In the entries below, find the line with "New York University" and the line with "Nike Unisex-Child Dri-fit", then retype both and everything between them exactly. Do not copy the pictures.

__The data__.
※
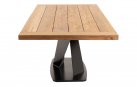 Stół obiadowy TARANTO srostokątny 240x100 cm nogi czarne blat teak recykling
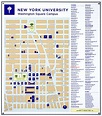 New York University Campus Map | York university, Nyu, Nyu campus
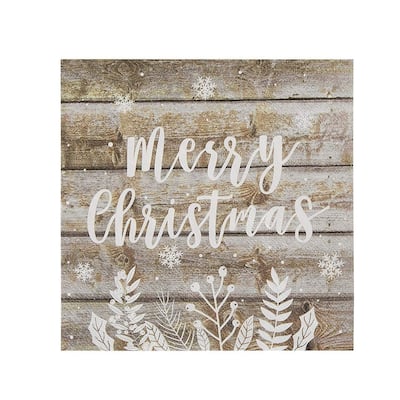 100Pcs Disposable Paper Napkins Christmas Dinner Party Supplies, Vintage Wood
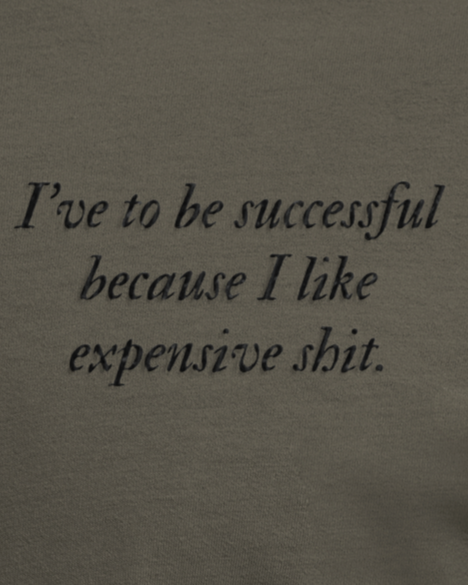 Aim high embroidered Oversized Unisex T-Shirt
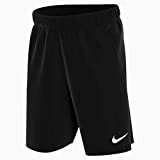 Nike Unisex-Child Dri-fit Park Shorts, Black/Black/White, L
※
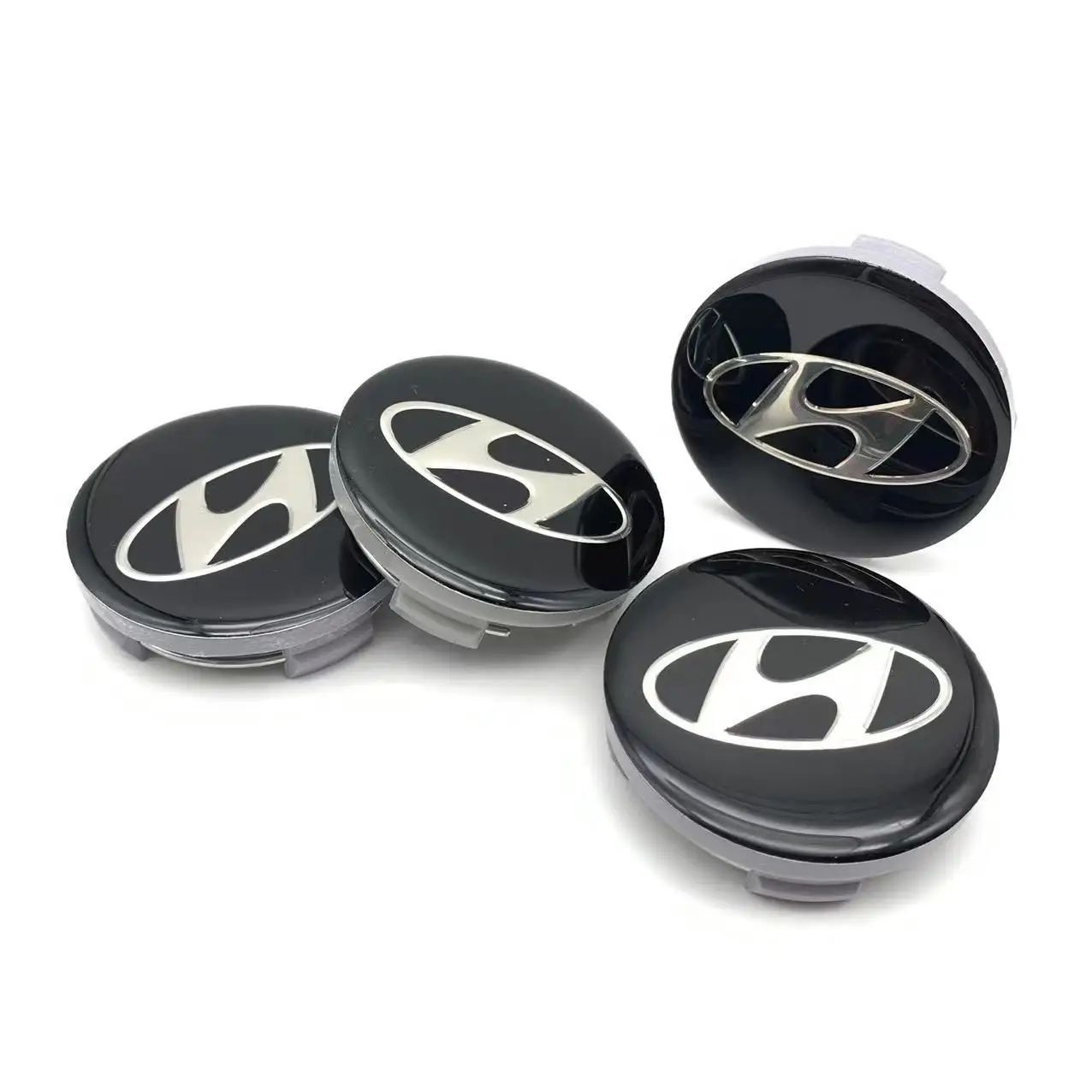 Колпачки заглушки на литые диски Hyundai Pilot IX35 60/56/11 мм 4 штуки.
※
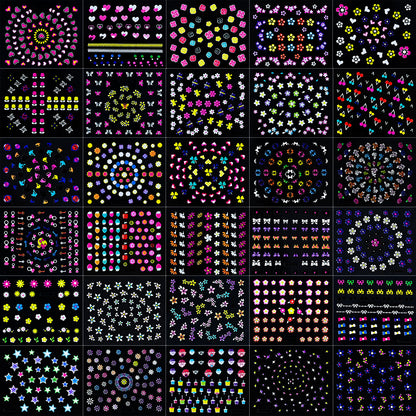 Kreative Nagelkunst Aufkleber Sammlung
※
__Answer to the exercise__.
 New York University Campus Map | York university, Nyu, Nyu campus
 100Pcs Disposable Paper Napkins Christmas Dinner Party Supplies, Vintage Wood
 Aim high embroidered Oversized Unisex T-Shirt
 Nike Unisex-Child Dri-fit Park Shorts, Black/Black/White, L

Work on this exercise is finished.